You got bored or don't have any answers?

Or should that be, you got bored because you have run out of questions to ask instead of providing answers?

That was a harsh post, no need for it when all he was doing was asking you a few questions.

I left the discussion earlier because I felt we were just going over old ground over and over again... but it's actually not the case, you are the one who's not answering some questions and being rather vague about it all causing folk to repeat themselves to you.

I read your posts with interest. While I disagreed with some of your methods, I at least sat and thought about it. Also, you said that the use of a PTG is inherently flawed. Not your exact words, but this is what you have been saying. I do agree that it SEEMS to be flawed in some ways (ie measuring exact lacquer thickness using shuts etc). You've no-doubt opened a few eyes with regard to PTG's there. However, there can surely be no argument against the fact that a PTG is an invaluable tool when working out removal rates?

Seems to me that whenever anyone challenges your methods (which again seem to be no more than just looking at the paint and guessing) you have limited answers.

...and now you start calling a guy an ar5ehole.

Poor show.

I can see your probably fed up being questioned. I was already fed up replying and getting nowhere with you, but I felt I had to come back in after reading your previous post.


----------



## moosh (May 8, 2011)

wee_green_mini said:


> You got bored or don't have any answers?
> 
> Or should that be, you got bored because you have run out of questions to ask instead of providing answers?
> 
> ...


He's been reading the thread all through and thanking people and decided when the thread was improving to have a go, he also did this on another thread i was trying to help on hence i was rude. I was bored to be honest as i am sure you have said you were fed up of replying, All i kept asking was how do you measure your clear, i.e the depths of materials that make up the over all depth of the painted surface.
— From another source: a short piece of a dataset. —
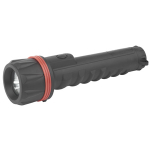 Фонарь Трофи TR3D ручной 3 x LED 3 х D прорезиненный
I feel i had answered all valid questions with maybe an explaination rather than an answer but the big question that kept coming back was - How do i measure clear? I dont experience tells me. I asked how do you guys with PTG's do it? - You cant specifically. BUT the PTG is handy to measure removal rates and i agree. It was mentioned it was found handy in spotting a previous repair and blend on a panel - thats what is is designed to do which i stated early on. I never cut that much from the clear and as i have said RDS are polished with caution and i would advise they be painted rather than removing depth of the clear as that is dangerous regardless if you have a PTG or not. I polish out swirls and minor scratches, i asked how deep are these and no one could answer that not even me but i can say they are not very deep and i am sure you will agree.

I think the thread has been good thus far and you say i may have opened a few eyes and i have also had my eyes open, I didnt mind being challenged when it was valid but there were many trying for the sake of it imo.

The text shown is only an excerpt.